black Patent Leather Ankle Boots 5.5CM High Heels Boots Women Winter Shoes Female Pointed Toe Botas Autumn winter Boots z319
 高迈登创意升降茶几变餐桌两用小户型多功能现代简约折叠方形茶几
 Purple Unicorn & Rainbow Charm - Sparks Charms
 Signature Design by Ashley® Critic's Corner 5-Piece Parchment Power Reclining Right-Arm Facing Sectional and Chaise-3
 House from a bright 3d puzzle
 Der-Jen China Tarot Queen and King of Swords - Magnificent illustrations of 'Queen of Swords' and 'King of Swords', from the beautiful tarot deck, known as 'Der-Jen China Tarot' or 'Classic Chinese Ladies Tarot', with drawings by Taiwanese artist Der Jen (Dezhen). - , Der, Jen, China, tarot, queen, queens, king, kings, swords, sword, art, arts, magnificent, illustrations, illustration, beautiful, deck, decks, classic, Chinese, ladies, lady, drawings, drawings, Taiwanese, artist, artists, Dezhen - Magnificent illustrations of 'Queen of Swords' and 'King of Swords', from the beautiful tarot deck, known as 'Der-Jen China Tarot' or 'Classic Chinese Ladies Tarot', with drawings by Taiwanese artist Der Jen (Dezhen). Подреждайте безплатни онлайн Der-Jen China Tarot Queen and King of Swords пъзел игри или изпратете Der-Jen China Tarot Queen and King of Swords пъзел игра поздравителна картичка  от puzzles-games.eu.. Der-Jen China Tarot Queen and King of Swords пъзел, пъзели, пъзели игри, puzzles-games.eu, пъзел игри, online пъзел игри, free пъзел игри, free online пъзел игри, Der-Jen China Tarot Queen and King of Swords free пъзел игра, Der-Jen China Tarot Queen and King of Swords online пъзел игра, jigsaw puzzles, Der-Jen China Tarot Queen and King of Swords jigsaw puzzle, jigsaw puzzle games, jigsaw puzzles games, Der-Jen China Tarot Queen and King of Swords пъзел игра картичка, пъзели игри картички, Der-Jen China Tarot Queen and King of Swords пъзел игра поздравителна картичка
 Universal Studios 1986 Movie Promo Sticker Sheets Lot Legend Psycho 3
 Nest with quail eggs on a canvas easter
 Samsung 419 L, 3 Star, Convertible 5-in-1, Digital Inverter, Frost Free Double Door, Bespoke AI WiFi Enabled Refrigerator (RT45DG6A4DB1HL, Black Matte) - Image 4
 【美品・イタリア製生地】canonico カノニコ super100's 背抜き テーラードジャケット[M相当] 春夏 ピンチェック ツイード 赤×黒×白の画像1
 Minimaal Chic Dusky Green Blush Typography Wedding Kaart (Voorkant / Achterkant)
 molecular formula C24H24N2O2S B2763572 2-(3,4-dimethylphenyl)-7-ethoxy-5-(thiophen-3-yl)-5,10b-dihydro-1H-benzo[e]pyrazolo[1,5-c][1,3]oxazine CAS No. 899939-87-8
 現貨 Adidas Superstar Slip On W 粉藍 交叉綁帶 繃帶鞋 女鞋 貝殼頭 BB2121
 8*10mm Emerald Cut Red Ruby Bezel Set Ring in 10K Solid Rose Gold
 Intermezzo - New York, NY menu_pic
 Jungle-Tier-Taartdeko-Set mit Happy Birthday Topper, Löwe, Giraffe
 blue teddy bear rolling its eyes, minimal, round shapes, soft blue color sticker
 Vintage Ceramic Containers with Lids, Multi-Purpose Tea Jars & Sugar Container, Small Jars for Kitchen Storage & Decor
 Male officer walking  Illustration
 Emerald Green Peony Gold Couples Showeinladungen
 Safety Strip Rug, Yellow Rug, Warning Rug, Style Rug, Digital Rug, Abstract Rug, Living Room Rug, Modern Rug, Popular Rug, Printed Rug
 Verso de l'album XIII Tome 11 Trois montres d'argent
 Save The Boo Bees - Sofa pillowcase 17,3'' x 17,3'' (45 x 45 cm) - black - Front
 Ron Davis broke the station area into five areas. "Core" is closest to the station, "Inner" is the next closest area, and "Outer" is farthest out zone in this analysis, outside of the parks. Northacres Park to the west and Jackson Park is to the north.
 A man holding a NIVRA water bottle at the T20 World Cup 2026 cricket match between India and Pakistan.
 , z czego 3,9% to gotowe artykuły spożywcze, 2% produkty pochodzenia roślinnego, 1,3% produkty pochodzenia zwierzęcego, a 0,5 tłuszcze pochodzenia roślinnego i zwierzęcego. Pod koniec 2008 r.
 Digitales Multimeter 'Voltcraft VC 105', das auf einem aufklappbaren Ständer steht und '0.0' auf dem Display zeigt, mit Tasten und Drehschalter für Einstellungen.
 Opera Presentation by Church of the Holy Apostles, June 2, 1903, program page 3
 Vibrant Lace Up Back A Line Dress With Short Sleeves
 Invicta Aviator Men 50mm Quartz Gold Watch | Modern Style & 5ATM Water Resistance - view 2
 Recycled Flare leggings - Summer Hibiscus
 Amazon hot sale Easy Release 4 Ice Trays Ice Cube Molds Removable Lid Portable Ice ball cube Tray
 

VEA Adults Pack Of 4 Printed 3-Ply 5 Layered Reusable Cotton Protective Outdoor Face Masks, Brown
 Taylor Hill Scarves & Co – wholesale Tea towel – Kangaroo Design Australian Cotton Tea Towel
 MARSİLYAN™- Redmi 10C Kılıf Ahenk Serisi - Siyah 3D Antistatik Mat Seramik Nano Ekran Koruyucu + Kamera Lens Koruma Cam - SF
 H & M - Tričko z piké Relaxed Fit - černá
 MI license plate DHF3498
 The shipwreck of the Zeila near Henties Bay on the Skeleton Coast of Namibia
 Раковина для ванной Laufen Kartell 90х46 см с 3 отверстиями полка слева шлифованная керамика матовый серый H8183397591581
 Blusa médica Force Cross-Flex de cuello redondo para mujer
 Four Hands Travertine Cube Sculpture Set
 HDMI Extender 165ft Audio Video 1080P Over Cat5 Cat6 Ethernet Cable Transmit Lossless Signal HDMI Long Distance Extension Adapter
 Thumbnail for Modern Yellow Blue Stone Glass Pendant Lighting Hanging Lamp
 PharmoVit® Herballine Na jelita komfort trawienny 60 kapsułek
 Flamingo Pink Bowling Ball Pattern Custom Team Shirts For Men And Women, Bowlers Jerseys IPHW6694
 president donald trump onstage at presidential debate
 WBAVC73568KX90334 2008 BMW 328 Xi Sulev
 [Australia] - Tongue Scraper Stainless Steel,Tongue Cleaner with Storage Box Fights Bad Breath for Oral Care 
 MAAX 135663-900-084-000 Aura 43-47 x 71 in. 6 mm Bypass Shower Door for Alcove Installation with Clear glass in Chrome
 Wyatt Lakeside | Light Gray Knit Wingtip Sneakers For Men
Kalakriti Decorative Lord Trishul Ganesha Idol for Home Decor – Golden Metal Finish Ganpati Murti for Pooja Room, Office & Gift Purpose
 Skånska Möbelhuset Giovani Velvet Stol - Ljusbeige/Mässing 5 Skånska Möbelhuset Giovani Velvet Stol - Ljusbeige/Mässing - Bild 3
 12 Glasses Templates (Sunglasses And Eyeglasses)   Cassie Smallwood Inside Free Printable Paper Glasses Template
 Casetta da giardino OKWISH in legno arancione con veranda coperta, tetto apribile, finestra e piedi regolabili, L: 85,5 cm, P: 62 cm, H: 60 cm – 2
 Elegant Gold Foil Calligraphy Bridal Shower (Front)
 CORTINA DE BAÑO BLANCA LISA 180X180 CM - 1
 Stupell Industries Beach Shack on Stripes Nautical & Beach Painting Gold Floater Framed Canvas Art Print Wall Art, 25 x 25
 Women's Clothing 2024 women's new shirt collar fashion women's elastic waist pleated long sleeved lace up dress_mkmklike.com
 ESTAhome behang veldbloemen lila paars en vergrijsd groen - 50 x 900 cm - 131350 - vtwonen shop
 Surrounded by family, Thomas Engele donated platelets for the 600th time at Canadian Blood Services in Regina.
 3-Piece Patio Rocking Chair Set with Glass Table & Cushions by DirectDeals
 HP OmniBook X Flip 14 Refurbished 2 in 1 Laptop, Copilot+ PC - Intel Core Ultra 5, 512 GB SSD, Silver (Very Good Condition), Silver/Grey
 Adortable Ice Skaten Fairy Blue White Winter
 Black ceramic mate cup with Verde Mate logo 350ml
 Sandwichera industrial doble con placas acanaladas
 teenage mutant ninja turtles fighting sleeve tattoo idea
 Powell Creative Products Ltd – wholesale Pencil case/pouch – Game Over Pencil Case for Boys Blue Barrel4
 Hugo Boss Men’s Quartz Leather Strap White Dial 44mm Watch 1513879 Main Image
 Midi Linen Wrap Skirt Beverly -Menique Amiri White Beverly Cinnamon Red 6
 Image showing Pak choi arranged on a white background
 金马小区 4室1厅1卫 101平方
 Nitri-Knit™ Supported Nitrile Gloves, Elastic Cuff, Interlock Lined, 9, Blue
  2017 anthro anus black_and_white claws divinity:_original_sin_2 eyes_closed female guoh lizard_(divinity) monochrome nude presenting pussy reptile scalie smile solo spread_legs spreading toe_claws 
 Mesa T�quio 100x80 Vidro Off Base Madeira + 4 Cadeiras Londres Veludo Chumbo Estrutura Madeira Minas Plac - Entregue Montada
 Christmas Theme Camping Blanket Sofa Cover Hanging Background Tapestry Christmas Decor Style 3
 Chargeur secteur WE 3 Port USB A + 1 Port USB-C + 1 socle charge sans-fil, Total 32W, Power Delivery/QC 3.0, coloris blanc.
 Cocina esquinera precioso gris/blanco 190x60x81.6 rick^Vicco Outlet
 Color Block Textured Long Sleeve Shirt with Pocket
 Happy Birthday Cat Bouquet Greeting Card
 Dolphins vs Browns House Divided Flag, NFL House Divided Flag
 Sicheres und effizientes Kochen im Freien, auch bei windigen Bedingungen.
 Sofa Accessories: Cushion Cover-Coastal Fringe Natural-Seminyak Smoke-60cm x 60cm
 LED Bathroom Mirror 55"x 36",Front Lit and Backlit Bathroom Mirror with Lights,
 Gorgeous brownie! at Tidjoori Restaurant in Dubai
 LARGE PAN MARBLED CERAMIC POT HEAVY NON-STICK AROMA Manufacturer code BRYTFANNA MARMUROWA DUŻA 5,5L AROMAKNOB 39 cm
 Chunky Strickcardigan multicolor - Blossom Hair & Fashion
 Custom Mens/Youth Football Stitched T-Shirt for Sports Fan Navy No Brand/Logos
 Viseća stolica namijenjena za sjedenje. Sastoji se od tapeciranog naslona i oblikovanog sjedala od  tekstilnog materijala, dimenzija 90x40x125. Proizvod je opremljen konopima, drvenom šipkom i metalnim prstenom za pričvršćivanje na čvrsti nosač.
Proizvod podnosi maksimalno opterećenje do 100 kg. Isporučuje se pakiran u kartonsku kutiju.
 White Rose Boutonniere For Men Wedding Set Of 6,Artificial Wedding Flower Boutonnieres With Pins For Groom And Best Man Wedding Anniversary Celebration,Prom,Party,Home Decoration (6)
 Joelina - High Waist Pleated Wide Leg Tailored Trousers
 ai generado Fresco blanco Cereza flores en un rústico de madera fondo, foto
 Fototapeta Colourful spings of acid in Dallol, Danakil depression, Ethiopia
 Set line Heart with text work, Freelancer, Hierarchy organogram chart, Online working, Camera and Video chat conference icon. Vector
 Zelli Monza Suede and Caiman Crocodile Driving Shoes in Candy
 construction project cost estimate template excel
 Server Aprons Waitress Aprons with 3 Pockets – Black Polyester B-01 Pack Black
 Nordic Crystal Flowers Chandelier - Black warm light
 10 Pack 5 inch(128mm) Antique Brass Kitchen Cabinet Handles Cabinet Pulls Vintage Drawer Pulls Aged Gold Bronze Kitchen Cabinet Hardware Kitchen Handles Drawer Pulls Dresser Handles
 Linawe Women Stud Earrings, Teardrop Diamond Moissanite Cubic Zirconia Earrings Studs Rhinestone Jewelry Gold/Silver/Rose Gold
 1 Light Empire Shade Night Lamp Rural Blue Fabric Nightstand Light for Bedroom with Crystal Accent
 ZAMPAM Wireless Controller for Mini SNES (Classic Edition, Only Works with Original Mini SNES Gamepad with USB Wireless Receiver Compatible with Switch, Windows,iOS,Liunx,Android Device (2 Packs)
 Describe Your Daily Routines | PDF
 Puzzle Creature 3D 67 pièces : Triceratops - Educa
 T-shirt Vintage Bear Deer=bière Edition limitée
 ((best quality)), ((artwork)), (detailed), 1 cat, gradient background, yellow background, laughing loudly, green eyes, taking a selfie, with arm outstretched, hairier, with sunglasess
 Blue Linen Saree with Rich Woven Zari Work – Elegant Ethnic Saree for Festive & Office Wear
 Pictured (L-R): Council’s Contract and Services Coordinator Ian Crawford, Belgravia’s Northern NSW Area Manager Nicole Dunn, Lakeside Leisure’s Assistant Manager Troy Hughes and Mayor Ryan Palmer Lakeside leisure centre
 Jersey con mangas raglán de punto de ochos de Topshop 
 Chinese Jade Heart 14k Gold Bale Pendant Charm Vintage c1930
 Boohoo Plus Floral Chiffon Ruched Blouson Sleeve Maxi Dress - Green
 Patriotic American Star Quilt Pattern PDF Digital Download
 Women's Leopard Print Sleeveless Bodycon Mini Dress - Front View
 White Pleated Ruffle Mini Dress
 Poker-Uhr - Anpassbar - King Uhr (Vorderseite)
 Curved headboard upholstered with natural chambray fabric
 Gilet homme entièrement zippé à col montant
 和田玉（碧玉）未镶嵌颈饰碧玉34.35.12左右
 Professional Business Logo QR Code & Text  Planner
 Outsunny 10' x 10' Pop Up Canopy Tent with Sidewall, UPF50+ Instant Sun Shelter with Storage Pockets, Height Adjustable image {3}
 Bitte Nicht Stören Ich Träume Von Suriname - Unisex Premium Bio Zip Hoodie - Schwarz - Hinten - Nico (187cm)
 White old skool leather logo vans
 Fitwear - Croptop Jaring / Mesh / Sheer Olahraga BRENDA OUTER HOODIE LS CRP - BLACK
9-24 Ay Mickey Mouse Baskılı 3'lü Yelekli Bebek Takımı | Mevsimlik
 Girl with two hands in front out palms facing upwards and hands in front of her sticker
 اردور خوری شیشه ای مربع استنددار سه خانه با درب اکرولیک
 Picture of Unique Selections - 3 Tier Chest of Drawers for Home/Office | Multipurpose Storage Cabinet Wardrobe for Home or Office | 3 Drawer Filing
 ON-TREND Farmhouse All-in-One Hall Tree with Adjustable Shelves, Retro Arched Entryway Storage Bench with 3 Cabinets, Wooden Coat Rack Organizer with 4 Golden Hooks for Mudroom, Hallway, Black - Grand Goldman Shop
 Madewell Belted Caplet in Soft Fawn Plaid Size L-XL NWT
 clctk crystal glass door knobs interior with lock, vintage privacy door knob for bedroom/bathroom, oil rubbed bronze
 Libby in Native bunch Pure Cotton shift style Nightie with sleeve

-*-*-

PROBLEM REQUIREMENTS —
Starting at the line that contains "Verso de l'album" and stopping after the line that contains "VEA Adults Pack", write out every line exactly as it appears above, and no other line.

PROBLEM SOLUTION —
 Verso de l'album XIII Tome 11 Trois montres d'argent
 Save The Boo Bees - Sofa pillowcase 17,3'' x 17,3'' (45 x 45 cm) - black - Front
 Ron Davis broke the station area into five areas. "Core" is closest to the station, "Inner" is the next closest area, and "Outer" is farthest out zone in this analysis, outside of the parks. Northacres Park to the west and Jackson Park is to the north.
 A man holding a NIVRA water bottle at the T20 World Cup 2026 cricket match between India and Pakistan.
 , z czego 3,9% to gotowe artykuły spożywcze, 2% produkty pochodzenia roślinnego, 1,3% produkty pochodzenia zwierzęcego, a 0,5 tłuszcze pochodzenia roślinnego i zwierzęcego. Pod koniec 2008 r.
 Digitales Multimeter 'Voltcraft VC 105', das auf einem aufklappbaren Ständer steht und '0.0' auf dem Display zeigt, mit Tasten und Drehschalter für Einstellungen.
 Opera Presentation by Church of the Holy Apostles, June 2, 1903, program page 3
 Vibrant Lace Up Back A Line Dress With Short Sleeves
 Invicta Aviator Men 50mm Quartz Gold Watch | Modern Style & 5ATM Water Resistance - view 2
 Recycled Flare leggings - Summer Hibiscus
 Amazon hot sale Easy Release 4 Ice Trays Ice Cube Molds Removable Lid Portable Ice ball cube Tray
 

VEA Adults Pack Of 4 Printed 3-Ply 5 Layered Reusable Cotton Protective Outdoor Face Masks, Brown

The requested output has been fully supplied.